Stakeholders can submit their opinions to bdud.saglikbeyani@titck.gov.tr until 24 June 2022.
The guideline is available here (in Turkish). Further information on the Draft Regulation on the Use of Health Claims is available here.
What’s New?
As per the guideline, applications must be submitted for a single relationship between a declared effect and a nutrient, other components, food or food group. The applications must specify the type of health claim and the justification regarding the data that cannot be presented.
Applicants must submit information regarding the food component, food or food group subject to the health claim such as the source, physical and chemical properties, description, nutrient content and the factors that may affect the absorption or use of the ingredient in the human body. Applicants must also submit a summary of the data obtained from appropriate studies that support the declared effect, as well as other summaries and general evaluations set forth in detail in the guideline to the TİTCK.
Applications must include all human and nonhuman studies whether published or supportive of the declared effect, except the resources for consumers or the public and the articles that did not pass peer review.
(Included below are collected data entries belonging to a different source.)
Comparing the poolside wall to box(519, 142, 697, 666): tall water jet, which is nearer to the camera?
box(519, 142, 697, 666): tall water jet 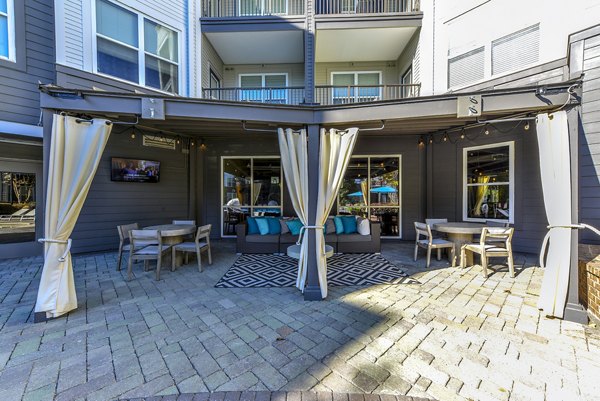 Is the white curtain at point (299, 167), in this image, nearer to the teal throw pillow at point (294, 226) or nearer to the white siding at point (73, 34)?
the teal throw pillow at point (294, 226)

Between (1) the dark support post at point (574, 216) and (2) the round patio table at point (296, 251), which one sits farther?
(2) the round patio table at point (296, 251)

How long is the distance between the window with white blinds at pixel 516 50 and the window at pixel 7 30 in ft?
33.3

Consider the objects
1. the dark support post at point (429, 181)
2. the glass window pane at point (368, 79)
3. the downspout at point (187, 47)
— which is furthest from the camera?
the glass window pane at point (368, 79)

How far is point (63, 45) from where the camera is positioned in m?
5.05

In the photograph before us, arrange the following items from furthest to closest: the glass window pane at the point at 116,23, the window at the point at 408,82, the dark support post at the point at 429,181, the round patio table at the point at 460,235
Answer: the window at the point at 408,82 → the dark support post at the point at 429,181 → the glass window pane at the point at 116,23 → the round patio table at the point at 460,235

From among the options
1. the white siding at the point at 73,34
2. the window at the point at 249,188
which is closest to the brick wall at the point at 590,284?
the window at the point at 249,188

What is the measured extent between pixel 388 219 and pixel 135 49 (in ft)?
26.4

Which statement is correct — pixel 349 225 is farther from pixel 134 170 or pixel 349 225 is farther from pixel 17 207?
pixel 17 207

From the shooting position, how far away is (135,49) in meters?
5.95

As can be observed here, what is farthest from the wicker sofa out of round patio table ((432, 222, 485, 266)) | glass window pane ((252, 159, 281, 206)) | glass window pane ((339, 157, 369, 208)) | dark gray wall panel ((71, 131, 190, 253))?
dark gray wall panel ((71, 131, 190, 253))

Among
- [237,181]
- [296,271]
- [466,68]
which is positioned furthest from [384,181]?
[237,181]

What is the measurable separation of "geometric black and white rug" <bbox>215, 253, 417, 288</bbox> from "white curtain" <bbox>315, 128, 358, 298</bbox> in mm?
825

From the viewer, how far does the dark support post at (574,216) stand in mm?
2756

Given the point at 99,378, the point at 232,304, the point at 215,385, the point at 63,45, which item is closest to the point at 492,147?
the point at 232,304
Study results should be presented in the hierarchy according to study type and relative strength of evidence, as shown in the guideline. In addition to the offer on the expression of the health claim, information such as the target audience of the statement, the amount of nutrient required to fulfill the declared effect, the consumption method and the nutrients to be avoided should also be provided.
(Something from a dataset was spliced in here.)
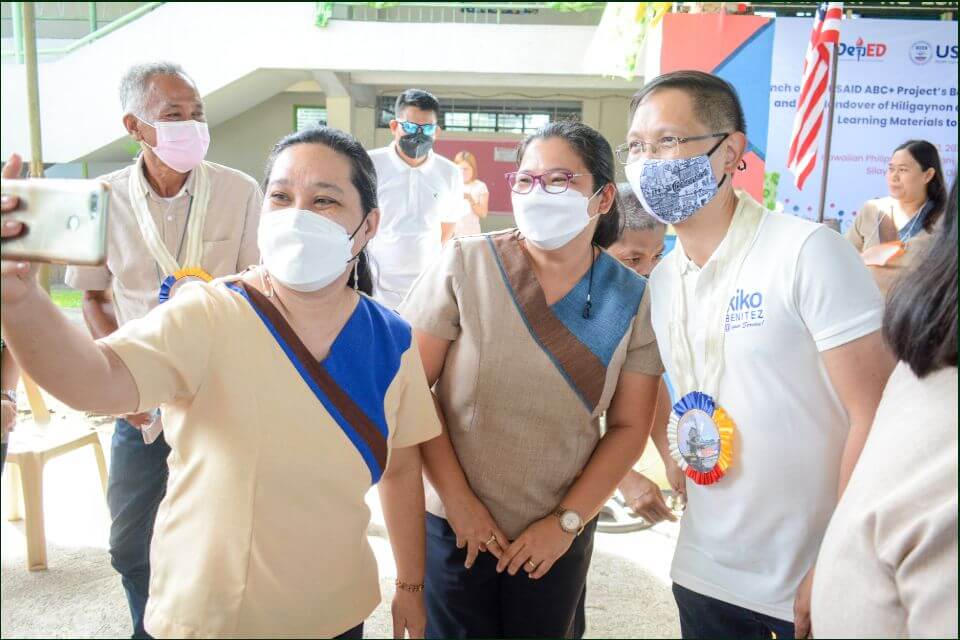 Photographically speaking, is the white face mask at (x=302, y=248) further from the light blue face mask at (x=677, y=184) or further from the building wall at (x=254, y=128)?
the building wall at (x=254, y=128)

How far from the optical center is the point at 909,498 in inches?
34.3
What Does the Draft Guideline on Packaging Information and Readability of Foods for Special Medical Purposes Regulate?
New Development
On 7 June 2022, the TİTCK published the Draft Guideline on Packaging Information and Readability of Foods for Special Medical Purposes based on the Draft Regulation on Foods for Special Medical Purposes. The guideline regulates the procedures and principles regarding packaging information and readability in license applications of foods for special medical purposes (ÖTAG).
Stakeholders can submit their opinions to tıbbi.beslenme@titck.gov.tr until 27 June 2022.
The guideline is available here (in Turkish). Further information on the Draft Regulation on Foods for Special Medical Purposes is available here.
What’s New?
As per the guideline, the phrase “Food for Special Medical Purposes” must be clearly displayed on the ÖTAG packaging. The guideline exemplifies and regulates the names that can be given to ÖTAG and the order of the information to be provided, in detail.
ÖTAG components should be presented in decreasing order according to their amounts. The source, structure and composition information of the components, such as protein, fat, carbohydrate and fiber, should be provided on the packaging. The guideline also sets forth in detail the rules and provides examples regarding the energy and nutritional elements table. In this context, energy values should be specified as kilojoules or kilocalories and the ratio of contents such as carbohydrates, fat, protein and fiber to energy should be presented as a percentage.
The guideline regulates and exemplifies in detail the presentation of information such as the intended use of ÖTAG, warning information on special use, preparation instructions, storage conditions, the license holder and serial number.
The guideline sets out the rules regarding print size and type, layout and design of the information as well as the style of expression and the use of symbols on the inner and outer packaging of ÖTAG. Applicants must ensure that the packaging information complies with the guideline prior to applying to the TİTCK.
Conclusion
The TİTCK continues to provide guidance for companies working in the healthcare industry. Companies should carefully review the guidelines and take the necessary actions to ensure compliance.